What Does “Private” Actually Mean for a URL Shortener?
Many URL shorteners claim to be “private” but still store every link in a database, require an email to sign up, and log click analytics by default. A truly private URL shortener should have no ability to see your data — not just a promise not to look.
thishere.com achieves this through its stateless architecture. Your URL is compressed and encoded entirely within your browser. The resulting shortened link contains the full encoded URL — no server-side lookup is needed. We cannot see your URLs because they never reach us in the first place.

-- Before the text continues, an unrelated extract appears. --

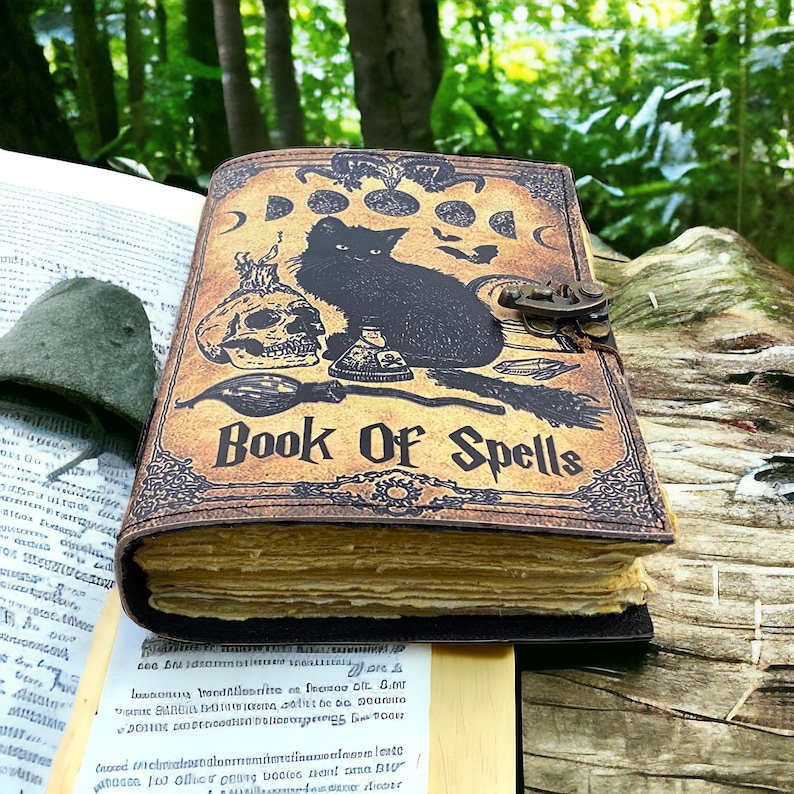 Puede incluir: Un diario encuadernado en cuero marr&oacute;n con un gato negro, una calavera y un dise&ntilde;o de poci&oacute;n. La portada dice "Book of Spells".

How a Stateless Private URL Shortener Works
Traditional URL shorteners map a short code (like bit.ly/abc123) to a destination URL stored in a database. This creates a permanent record of every link you create and every click it receives.
thishere.com works differently. When you paste a URL, your browser applies dictionary-based pattern matching (replacing common URL patterns like https://www. with single-byte tokens) followed by DEFLATE compression. The compressed bytes are then encoded using a URL-safe alphabet. The result is a self-contained link that decodes to the original URL without any server-side state.

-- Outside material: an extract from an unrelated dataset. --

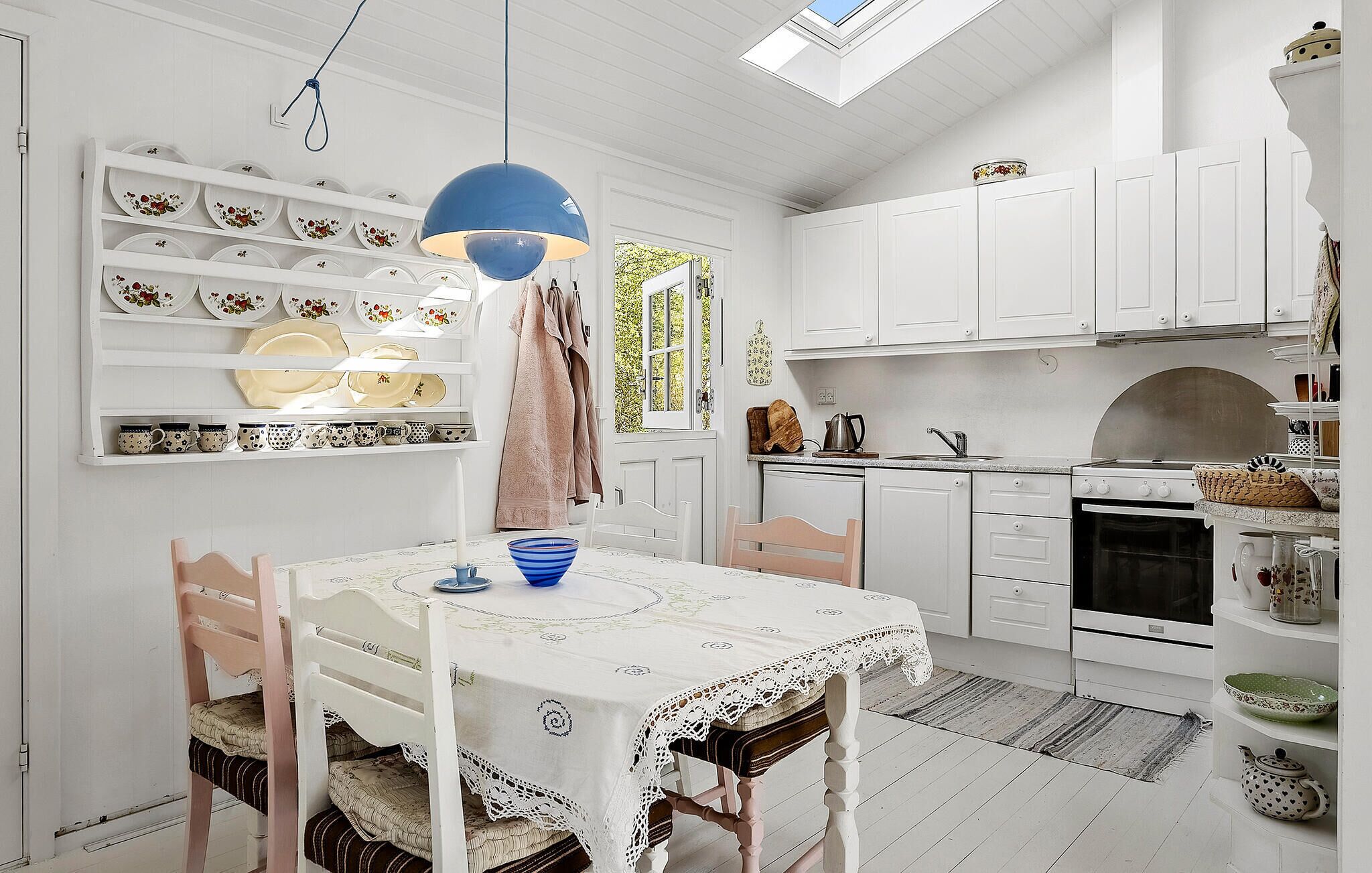 A kitchen with white cabinetry, a dining table with a lace tablecloth, and a blue pendant light.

The Privacy Problem with Conventional Link Shorteners
When you shorten a URL with Bitly, TinyURL, or similar services, you create a record in their database that includes your IP address, the original URL, and a timestamp. When anyone clicks that link, the service logs the clicker's IP address, geographic location, device type, browser, operating system, and the referring page.
This data is retained indefinitely. It can be accessed by the service's employees, shared with business partners, sold to advertisers, disclosed in response to legal requests, or exposed in data breaches. Even “unlisted” links are still stored and queryable.

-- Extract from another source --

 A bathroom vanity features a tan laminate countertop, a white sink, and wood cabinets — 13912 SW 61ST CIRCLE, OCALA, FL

A private URL shortener should make this data collection architecturally impossible — which is exactly what stateless compression achieves.
When You Need a Private URL Shortener
- Sharing personal or sensitive links on public forums
- Distributing links in contexts where you want no record of your sharing
- Creating shortened links that cannot be associated with your identity
- Sharing links that never expire and cannot be disabled by a third party
- Using a URL shortener that complies with privacy regulations by design, not by policy
Frequently Asked Questions
How is this different from incognito mode?
Incognito mode prevents your browser from saving history locally, but the URL shortener you use still collects data on their servers. thishere.com ensures no data is collected in the first place — your URL is never sent to a server.
Can my ISP see the original URL?
Your ISP can see that you visited thishere.com, but the URL encoding happens entirely in JavaScript in your browser. The original URL you are shortening is never transmitted over the network.
Are private shortened links permanent?
Yes. Since the destination is encoded in the link itself, there is no database record that could be deleted. Your links work as long as thishere.com is online.